Se l’olio appare durante una celebrazione, egli si ritira in disparte per udire tranquillamente la Messa perchè non vuole che nessuno sia distratto dal fenomeno. Se l’olio appare durante una conferenza sulla Santa Vergine, o un discorso o durante la Messa resta sulle mani fin quando il messaggero non ha segnato quanti ne desiderano. Quando l’Olio Santo appare sulle mani del messaggero, egli spiega l’importanza di questo segno, e dice che è più importante la preghiera, di riceverlo dunque pregando. Inoltre invita a ricevere i sacramenti.

È il 22 gennaio 2013: la Vergine appare, in una visione, ad un ragazzo italiano che giace infermo a casa.
Un anno dopo, 22 Gennaio 2014: preannunciata da una voce angelica, l’Immacolata si ripresenta in una seconda apparizione, e nella pienezza dell’estasi comunica al veggente di desiderare d’esser onorata con il titolo “Giglio tra le Spine“, ovvero come Giglio, fiore purissimo, che che tende una mano all’uomo che vive in balia delle spine – simbolo del peccato – nel mondo. Da allora, tramite la trasudazione e il pianto d’una icona sacra ed attraverso le mani del veggente, il Cielo dona ai fedeli dell’Olio Santo Miracoloso.

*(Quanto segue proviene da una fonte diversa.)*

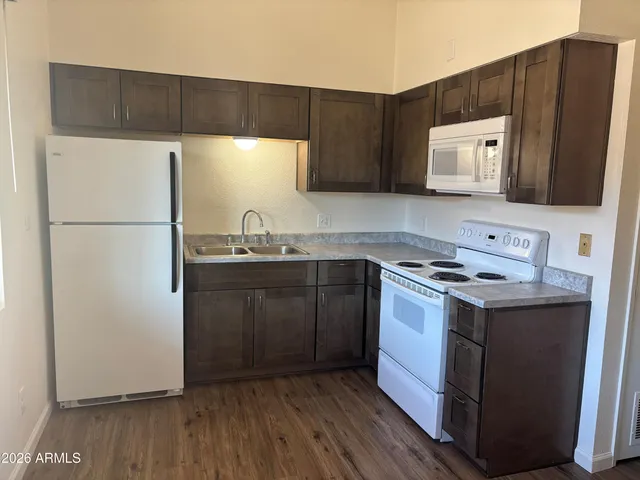 $1,095 | 1200 Lanny Avenue, Unit 10, Clarkdale, AZ 86324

La Vergine Maria, in una apparizione, ha voluto specificare che quest’Olio è il segno della consolazione che Dio vuole far arrivare al mondo attraverso il cuore di Sua Madre per mezzo dell’unità dei cuori con il Signore, nella famiglia e nella Chiesa.

Sia chiaro, tra i doni mirabili che il Signore mette continuamente a nostra disposizione, ce ne sono alcuni il cui valore è ineguagliabile. Il massimo: la Santissima Eucaristia. Data tuttavia la Divina Munificenza lungo la storia del Cristianesimo è piaciuto e piace a Dio moltiplicare i Suoi Doni tra cui molti straordinari. Pensiamo alle “Manne” che fuoriescono misteriosamente dalle arche sepolcrali dei santi. San Nicola di Bari, Santi Nicandrio Marciano e Daria in Venafro Isernia. Ora abbiamo a disposizione un altro di questi doni è l’olio profumato della Madonna, Giglio tra le spine. Si tratta di olio purissimo d’oliva frammisto ad essenze aromatiche profumatissime. Esso sgorga da immagini sacre, dal volto e dalle mani del messaggero, colui che è gratificato delle visioni del Cristo e della Sua Madre. Sono molte fino ad ora le guarigioni prodigiose operate da questo piccolo grande segno della bontà di Dio e di Maria.